#### Your assignment
In the material below, find the line with "Those larger sizes" and the line with "Wahabepura 70 Ultra", then output both and every line between them exactly, omitting pictures.

#### Records shown
*** Block opens ***

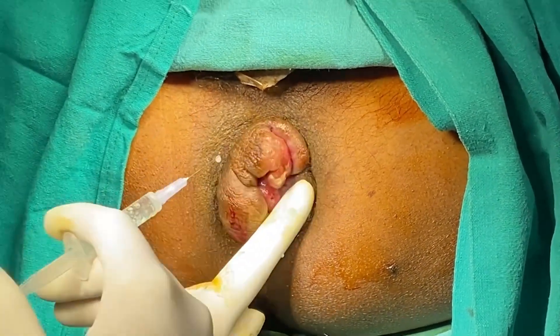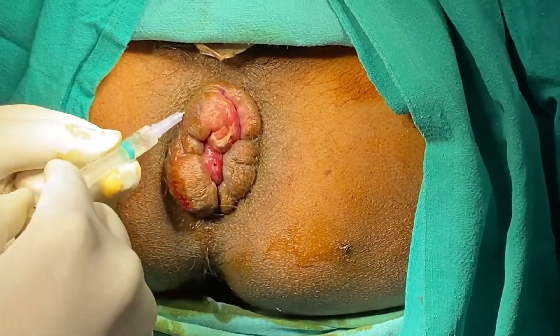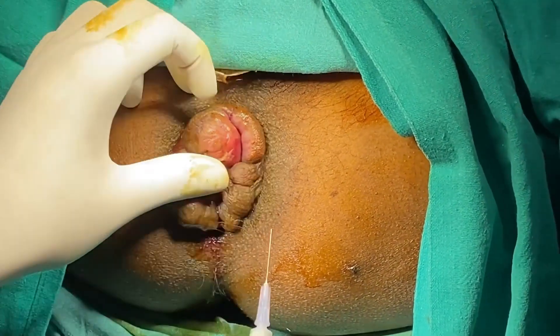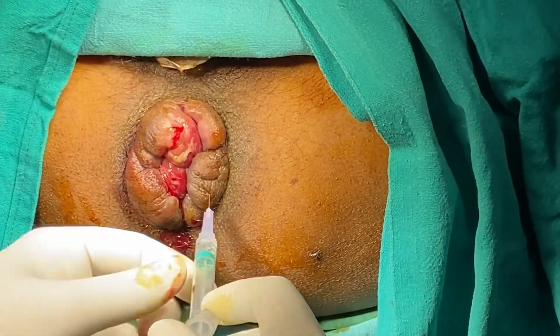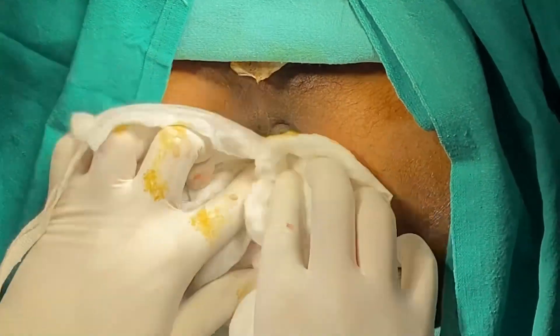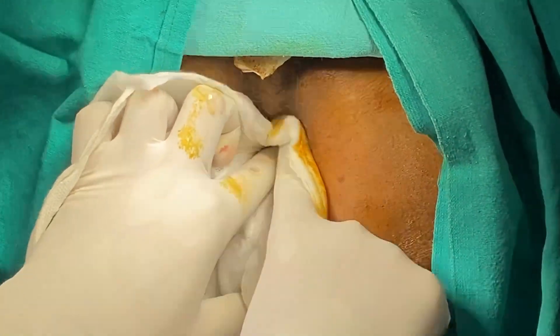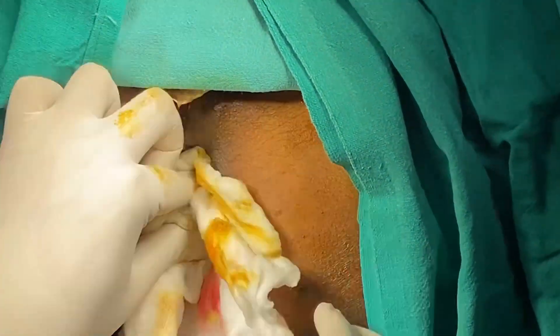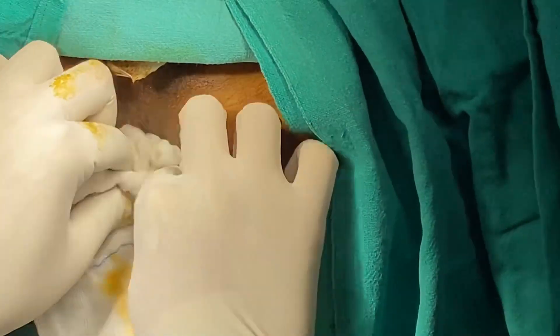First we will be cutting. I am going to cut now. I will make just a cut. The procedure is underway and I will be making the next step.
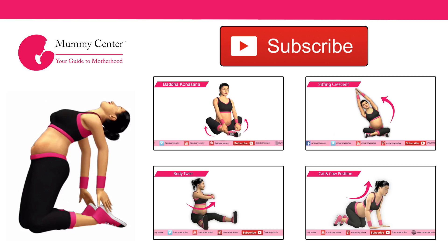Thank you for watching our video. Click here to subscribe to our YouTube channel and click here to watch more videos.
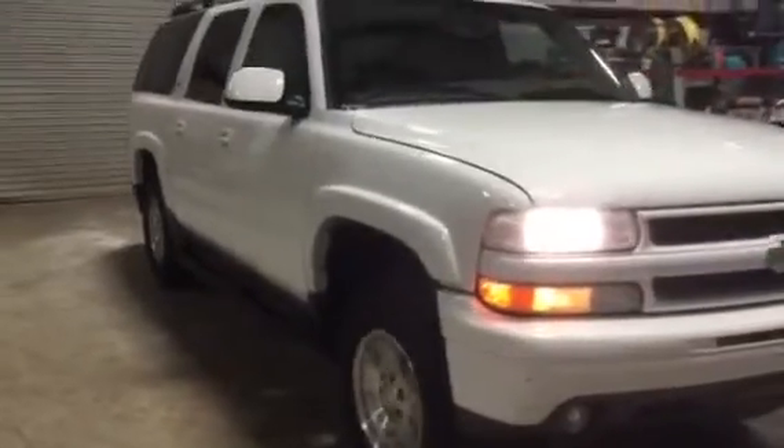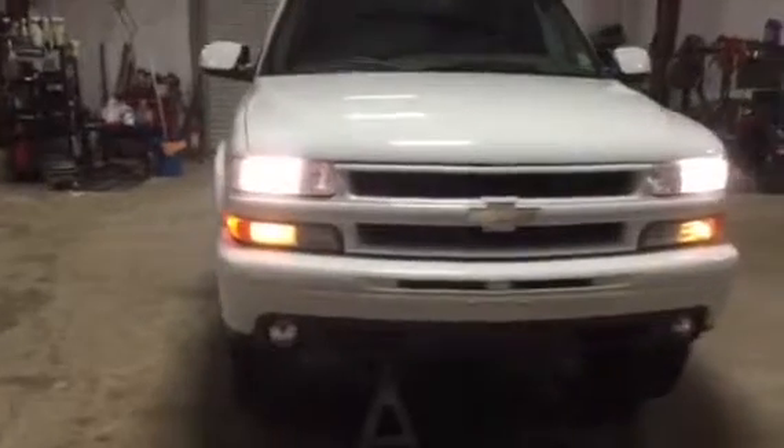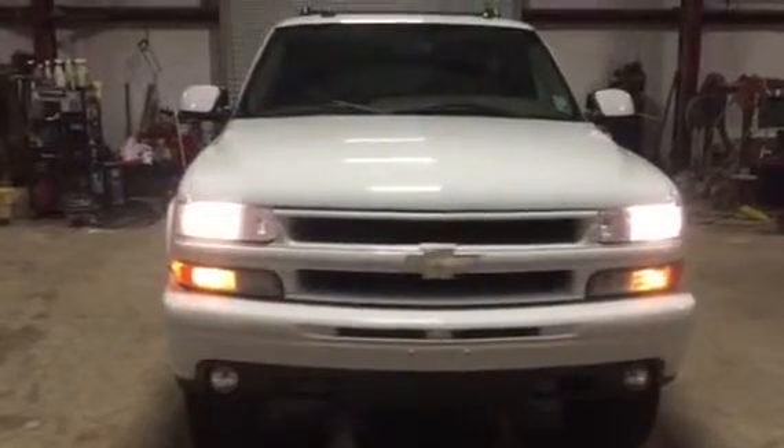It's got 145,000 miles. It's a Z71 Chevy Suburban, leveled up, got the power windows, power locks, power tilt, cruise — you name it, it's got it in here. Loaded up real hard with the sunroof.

*** Block closes ***
*** Block opens ***

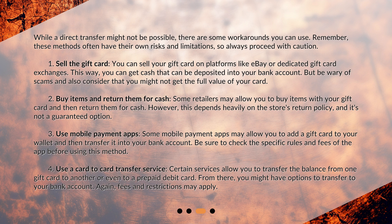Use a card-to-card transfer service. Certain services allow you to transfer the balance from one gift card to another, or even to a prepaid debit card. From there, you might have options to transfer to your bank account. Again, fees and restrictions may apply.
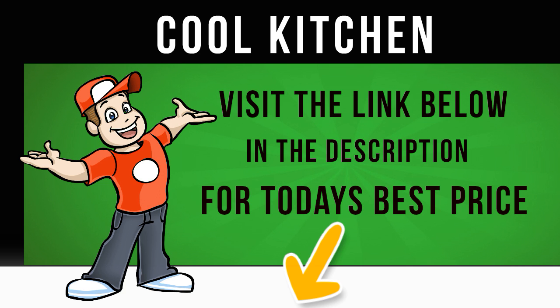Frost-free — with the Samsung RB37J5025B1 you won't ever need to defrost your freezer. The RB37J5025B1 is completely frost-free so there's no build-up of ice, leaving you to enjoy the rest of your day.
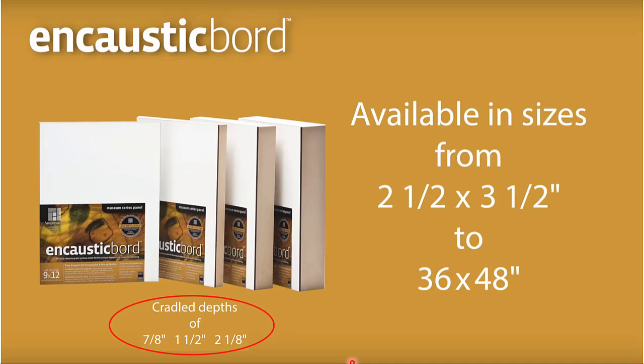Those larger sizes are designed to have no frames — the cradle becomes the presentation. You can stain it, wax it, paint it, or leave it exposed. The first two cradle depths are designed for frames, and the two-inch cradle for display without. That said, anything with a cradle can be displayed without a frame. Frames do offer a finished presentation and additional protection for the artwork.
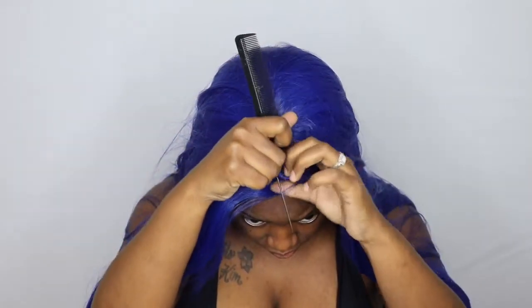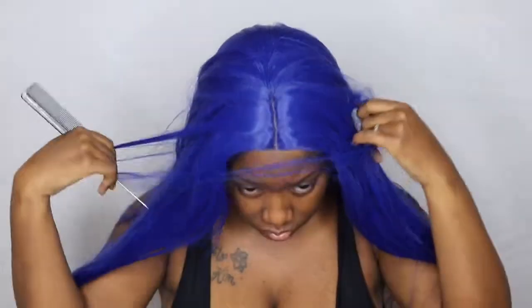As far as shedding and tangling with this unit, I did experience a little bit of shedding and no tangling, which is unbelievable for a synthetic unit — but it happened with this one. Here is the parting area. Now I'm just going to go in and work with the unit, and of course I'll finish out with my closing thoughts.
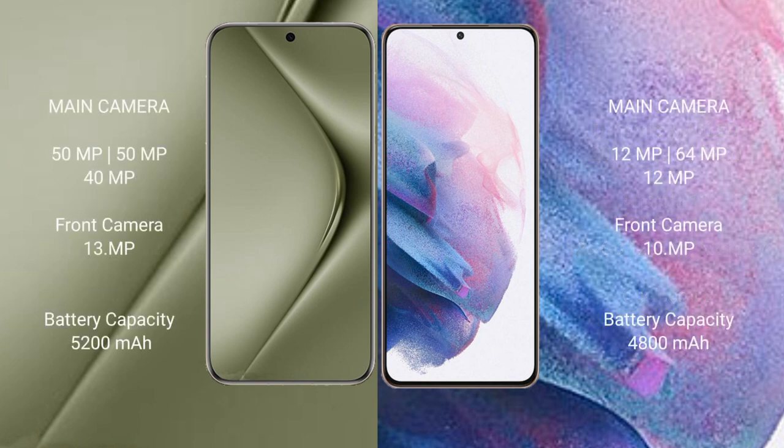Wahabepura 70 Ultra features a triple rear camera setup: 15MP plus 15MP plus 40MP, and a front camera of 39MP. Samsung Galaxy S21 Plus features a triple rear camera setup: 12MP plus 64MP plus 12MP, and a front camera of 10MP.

*** Block closes ***

#### Solved problem
Those larger sizes are designed to have no frames — the cradle becomes the presentation. You can stain it, wax it, paint it, or leave it exposed. The first two cradle depths are designed for frames, and the two-inch cradle for display without. That said, anything with a cradle can be displayed without a frame. Frames do offer a finished presentation and additional protection for the artwork.
As far as shedding and tangling with this unit, I did experience a little bit of shedding and no tangling, which is unbelievable for a synthetic unit — but it happened with this one. Here is the parting area. Now I'm just going to go in and work with the unit, and of course I'll finish out with my closing thoughts.
Wahabepura 70 Ultra features a triple rear camera setup: 15MP plus 15MP plus 40MP, and a front camera of 39MP. Samsung Galaxy S21 Plus features a triple rear camera setup: 12MP plus 64MP plus 12MP, and a front camera of 10MP.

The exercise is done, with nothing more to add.